Customers experienced lengthy delays in job starts and stuck builds from 17:00 UTC October 27 to 01:16 UTC October 28. All jobs were affected, starting with machine jobs and continuing into docker executor as the incident progressed.
We thank customers for your patience and understanding as we worked to resolve this incident. We know how critical CircleCI is to our customers, and we want to share what happened along with our efforts to ensure this kind of incident doesn’t happen again. We will follow up this report with a more detailed one later in the week, as our investigation is ongoing.
Three issues, each necessary but only jointly sufficient, resulted in an outage that affected all workloads and lasted seven hours.
Most of our compute workload operates in AWS, with the remaining ~20% in GCP. For some of our AWS workload, we can fail over to GCP in case of emergency. While GCP is the “secondary” provider for this flexible workload, it remains the primary provider for other VM workloads.
As traffic increased on October 27th, we experienced a brief spike in “out of capacity” errors from AWS. This triggered a failover mechanism to move workload to a secondary provider, GCP. Creating VMs in the secondary provider proceeded more rapidly than expected because the automated scaler did not receive messages indicating VMs had been successfully created. As the scaler continued to create VMs, we hit our secondary provider CPU quota. That prevented VMs for other, unrelated workloads from being created.
Once the capacity errors for AWS subsided, the failover mechanism returned flow to its normal location. The VMs created in GCP remained in place, continuing to block our normal GCP workload. Our VM orchestrator responded to the blocked workload by trying to create more instances, which resulted in rate-limiting by both cloud providers. At this point, no work was able to flow through the system.
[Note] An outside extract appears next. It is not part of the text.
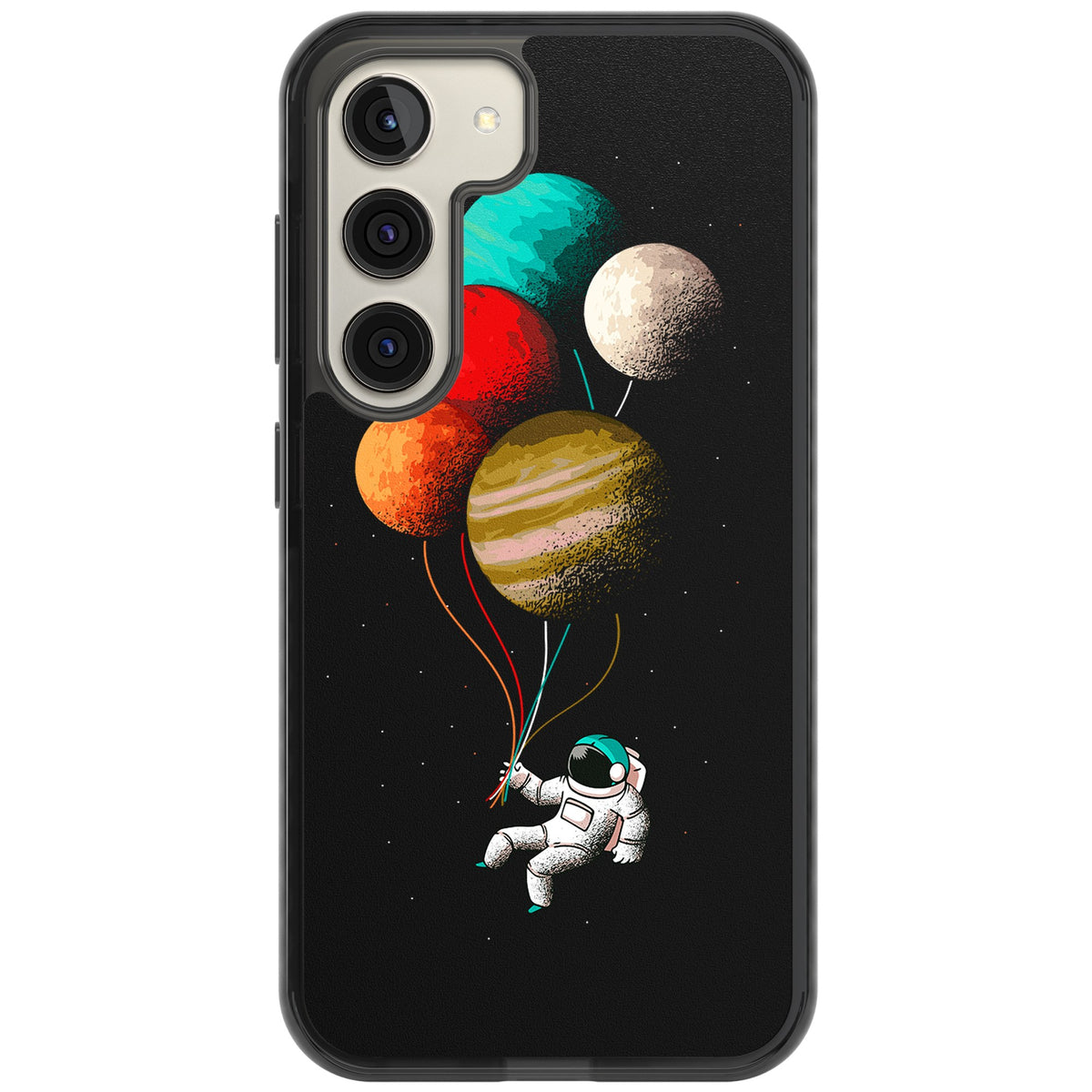 Astronaut Balloon Planets Samsung S22 / Samsung S22 Plus / Samsung S23 / Samsung S23 Plus / Samsung S24 / Samsung S24 Plus Impact Black Phone Case front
To unstick the system, we disabled VM creation and manually purged job queues. We estimate about 40,000 jobs were dropped during this restart, which appeared to users as a “canceled job,” as if you’d canceled it yourself. We manually deleted the excess VMs in GCP, and re-enabled VM creation, restoring normal service for all jobs.
We apologize for this outage. We know that it was a prolonged disruption for our customers, who rely on CircleCI for critical workflows. We are taking active and involved steps to prevent issues of this type in the future.
Immediately after the incident, our engineering teams made changes to mitigate runaway API calls resulting from the three contributing factors. When traffic increased later the next day, we observed the system remained stable, which gave us confidence that this type of incident will not re-occur in the future.
We’re also implementing ways to recover faster when problems do occur. Some of these are already finished, and some of them are in progress.
Additionally, we’ve implemented an easier way to shut off traffic at an earlier point in the system. A common failure mode in this system involves hitting limits -- API rate limits, CPU limits, or others. Having an easy way of turning off the flow in critical situations will help us recover faster once we’ve reached that state. We anticipate that our customers would experience this as a much shorter-lived service interruption impacting a small number of jobs.
Longer-term, we are making larger investments into the systems that handle these workloads. We’ve started small, with a new Mac resource class currently in closed preview, and will continue to build from there.